Money, box-office value of Indo-Pak cricket are the least concerns now: Ayaz Memon

Pakistan captain Mohammad Rizwan plays a shot as India's wicketkeeper KL Rahul watches during the ICC Champions Trophy | AFP

In the aftermath of the brutal Pahalgam attack, India has retaliated by striking nine terrorist camps in Pakistan and PoK. India head coach Gautam Gambhir, at an event in Delhi last nigh, said that India should not play Pakistan at all, even in ICC tournaments or in neutral venues. Now, he made this comment before the attack, but it went viral with a lot of people online praising him for his words. Given the current hostilities between the two nations and the fact that cricket has always been used as a diplomatic tool, do you think we are at a point of no return and possibly this could be the end of India-Pakistan cricket as we know it?

 

First, it's preposterous to think that we can have cricket relations right now.

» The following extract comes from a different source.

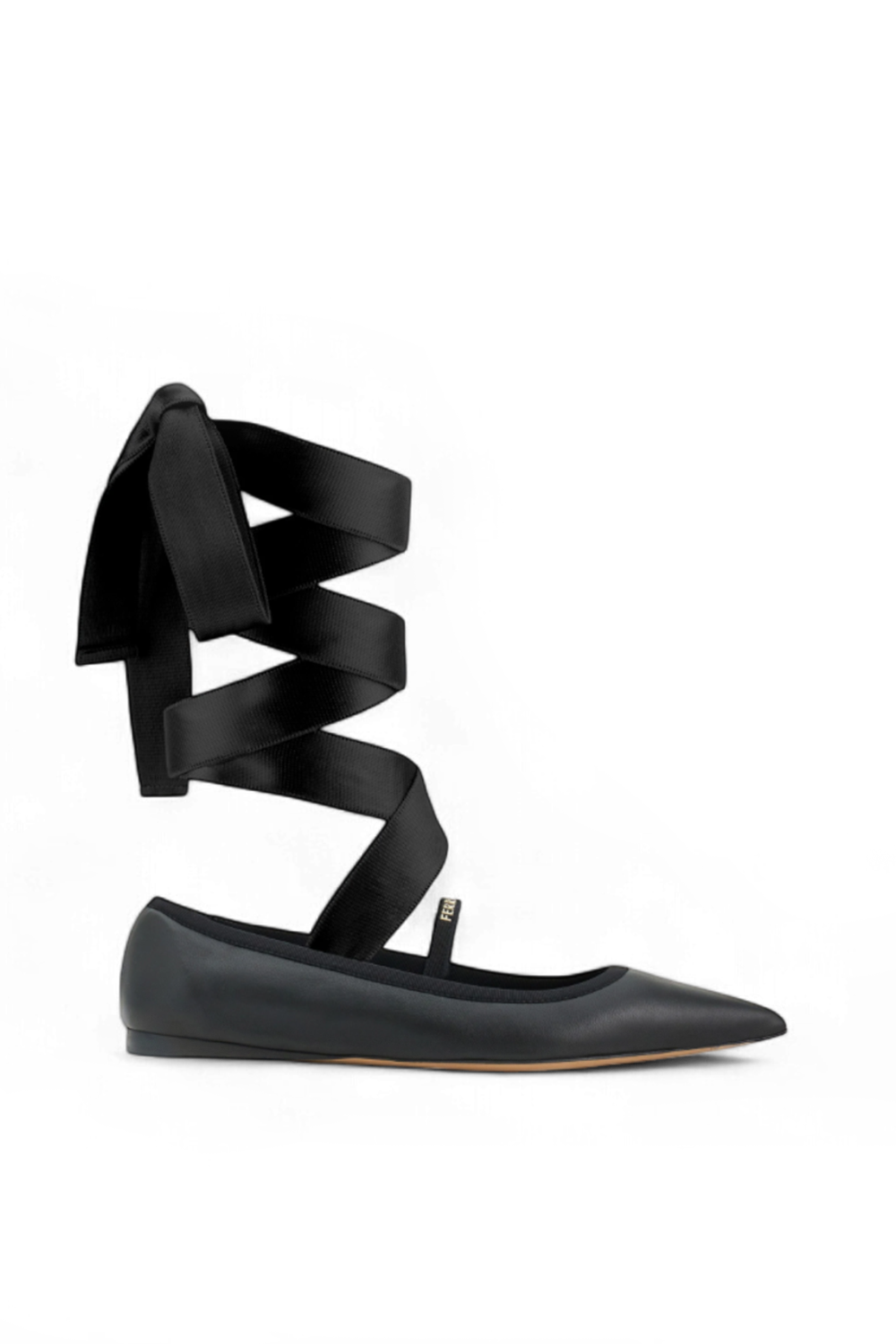 תמונה קידמית של נעלי בלרינה עם סרט סאטן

I mean, the environment, we know what it is like after the blood-curdling attack at Pahalgam.

 

So I think that right now, cricket diplomacy in the aftermath of not just this attack, but also what transpired before—we had the Champions Trophy, which is an ICC event, where India and Pakistan both played against each other, and then we had the attack in Pahalgam—[is at a point where] the sensibilities, at least in India certainly, will not even permit looking at an Indo-Pak engagement, even if it's an ICC event. Now, the next big ICC event I can think of is the T20 World Cup, which is about a year away.

 

So, I don't know what cricket diplomacy can forge, but right now, it looks extremely difficult unless things settle down, not just amicably, but settle down enough for India to think about playing against Pakistan even in an ICC event.

 

We know that the India-Pakistan game is the moneymaker in all of these ICC tournaments; that's the one that everyone wants, the broadcaster, the host country, the other boards. So, in realistic terms, how do you go about it?

 

It’s a very complicated issue for the ICC certainly. I think money or the box-office value of Indo-Pak cricket is the least concern now, at least from the Indian point of view. It’s like a maze right now for [the ICC]. Cricket diplomacy has been used in the past, but right now, it seems that the sentiment is weighed heavily against any Indo-Pak cricket engagement, whether it is bilateral—of course, it's not been happening—but even if it's an ICC event. At this point in time, it seems to me that it is even preposterous as a suggestion.